+++ GIVEN ENTRIES

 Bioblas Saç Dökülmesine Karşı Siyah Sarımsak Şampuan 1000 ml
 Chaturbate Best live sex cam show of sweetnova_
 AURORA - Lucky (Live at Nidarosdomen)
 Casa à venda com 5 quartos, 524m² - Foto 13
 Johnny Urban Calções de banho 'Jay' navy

++++++

With nothing omitted, set down all of the records again.

■ FINISHED TASK:
 Bioblas Saç Dökülmesine Karşı Siyah Sarımsak Şampuan 1000 ml
 Chaturbate Best live sex cam show of sweetnova_
 AURORA - Lucky (Live at Nidarosdomen)
 Casa à venda com 5 quartos, 524m² - Foto 13
 Johnny Urban Calções de banho 'Jay' navy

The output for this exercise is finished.